Fourier-Mixed Window Attention: Accelerating Informer for Long Sequence Time-Series Forecasting
This work addresses the problem of slow inference in long sequence forecasting for researchers and practitioners, offering an incremental improvement over existing methods like Informer.
The authors tackled the computational inefficiency of Informer for long sequence time-series forecasting by proposing FWin, a fast local-global window-based attention method that accelerates inference speeds by 1.6 to 2 times while improving prediction accuracies on univariate and multivariate datasets.

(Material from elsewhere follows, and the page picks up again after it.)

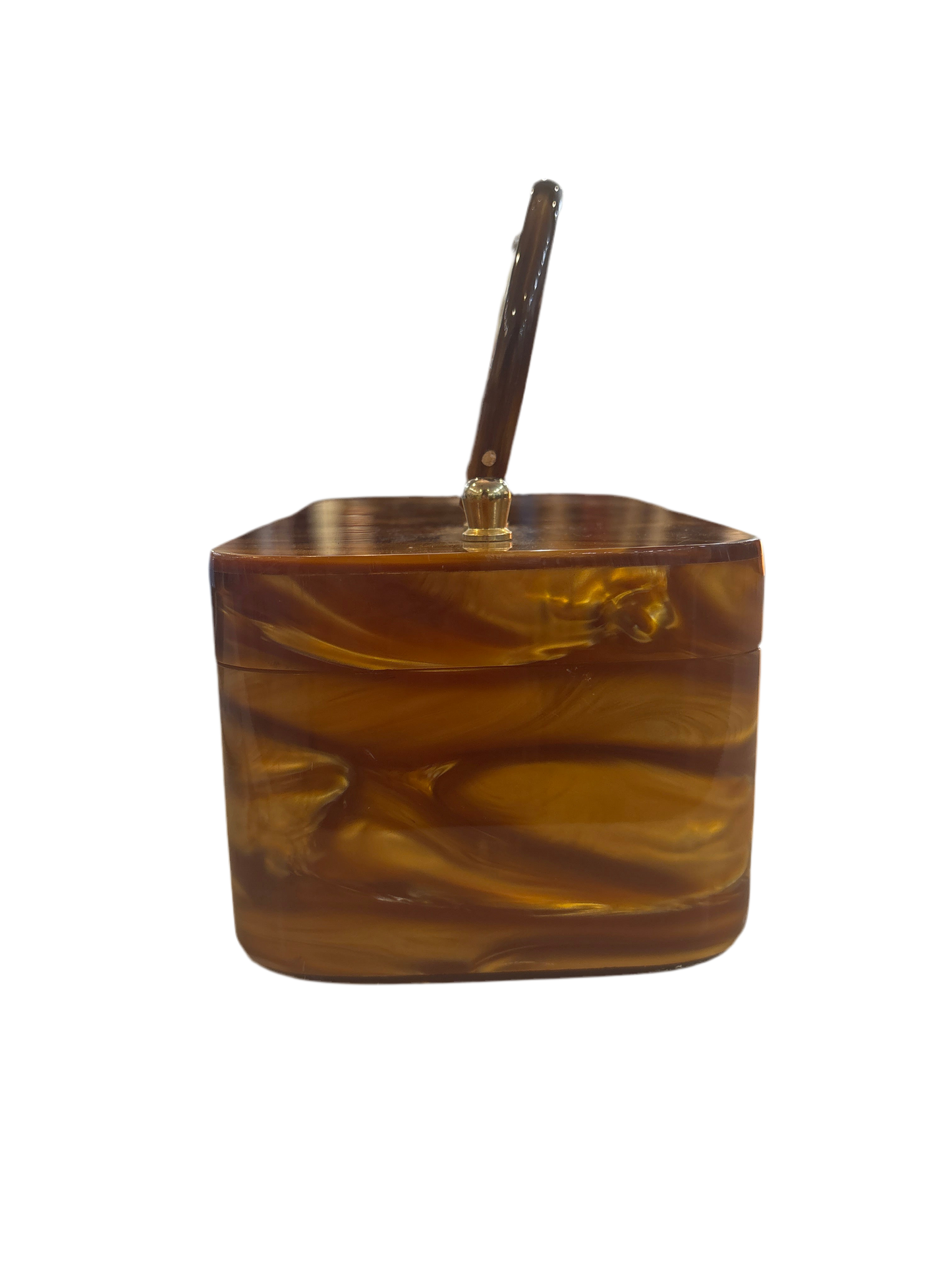 1950s Caramel Marbled Lucite Bag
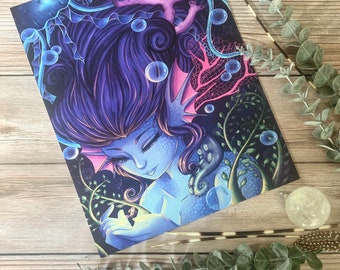 Temperance, mermaid artwork, wall art poster, floral, marine life, ocean life, fantasy artwork, print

We study a fast local-global window-based attention method to accelerate Informer for long sequence time-series forecasting. While window attention being local is a considerable computational saving, it lacks the ability to capture global token information which is compensated by a subsequent Fourier transform block. Our method, named FWin, does not rely on query sparsity hypothesis and an empirical approximation underlying the ProbSparse attention of Informer. Through experiments on univariate and multivariate datasets, we show that FWin transformers improve the overall prediction accuracies of Informer while accelerating its inference speeds by 1.6 to 2 times. We also provide a mathematical definition of FWin attention, and prove that it is equivalent to the canonical full attention under the block diagonal invertibility (BDI) condition of the attention matrix. The BDI is shown experimentally to hold with high probability for typical benchmark datasets.